The use of optical readouts rather than CMOS readouts are advantageous as they do not require either an interconnected CMOS device or the use of electrical interconnects. However, optical readouts typically have low contrast due to large optical background signals generated when optically probing the thermal microstructure device. Signals from optically readout devices may also contain substantial non-uniformities that result from variations in manufacturing processes and readout techniques. The net result of all such background signals is reduced dynamic range and lower sensitivity.

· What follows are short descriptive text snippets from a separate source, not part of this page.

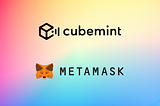 Cubemint Notes #3: Why and How to Connect Your Metamask Wallet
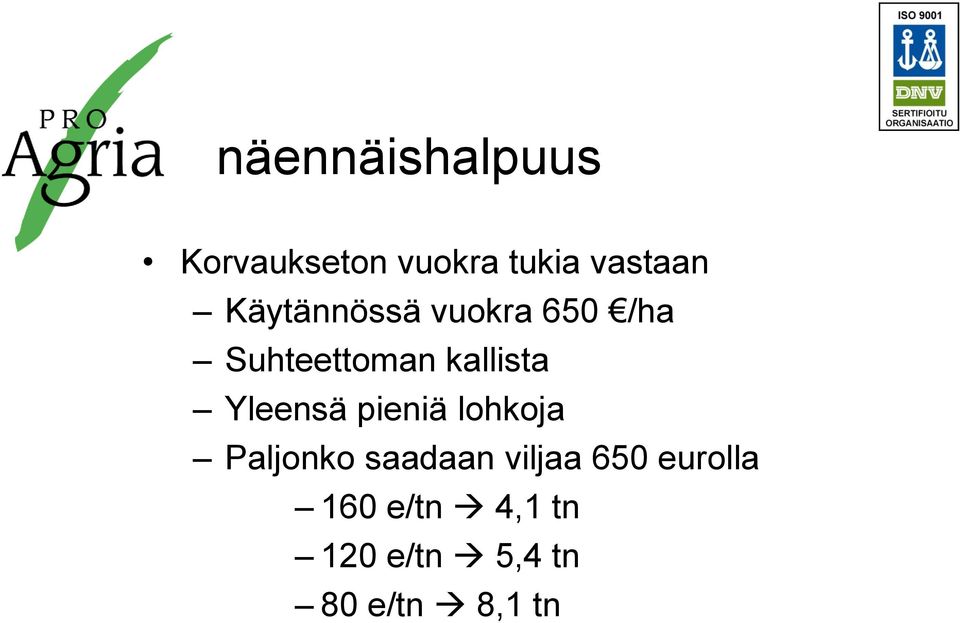 Yleensä pieniä lohkoja Paljonko saadaan viljaa 650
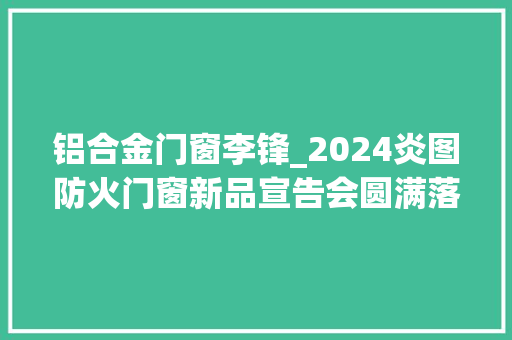 铝合金门窗李锋_2024炎图防火门窗新品宣告会圆满落幕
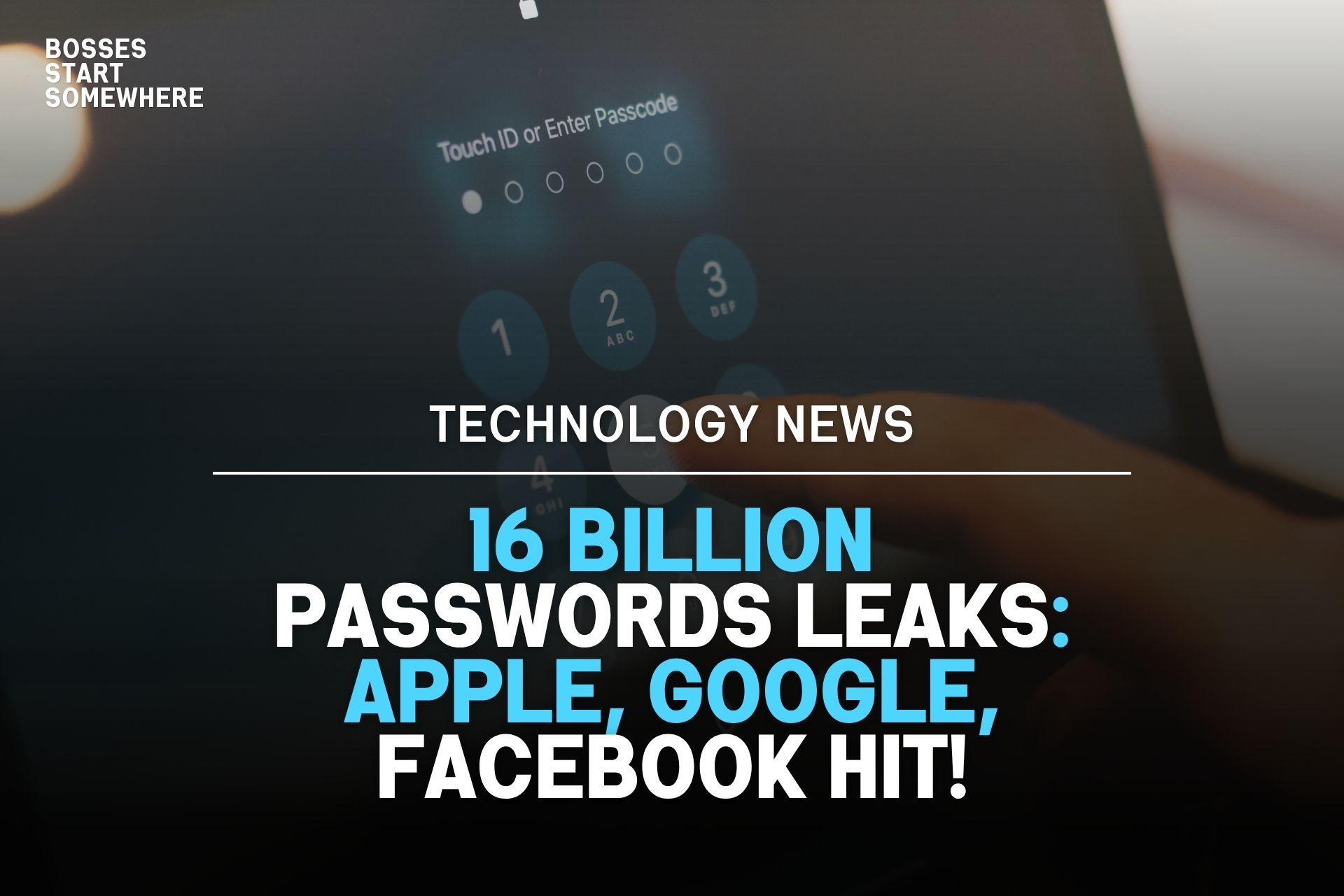16 Billion Passwords Leaks: Apple, Google, Facebook Hit!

A paper by J. Zhao entitled “High Sensitivity Photomechanical MW-LWIR Imaging using an Uncooled MEMS Microcantilever Array and Optical Readout” Proceedings of the SPIE, Vol. 5783, pp. 506-513, 2005 shows the use of a bi-material cantilever approach (deforms with temperature), along with a mechanically based way of compensating for manufacturing differences in films and ambient temperature. It appears that there are two segments to the bi-material cantilever section, one of which is thermally isolated and the other which is not, and these cause opposite bending on the reflector area. This will compensate to the degree the two segments can be made to behave identically mechanically.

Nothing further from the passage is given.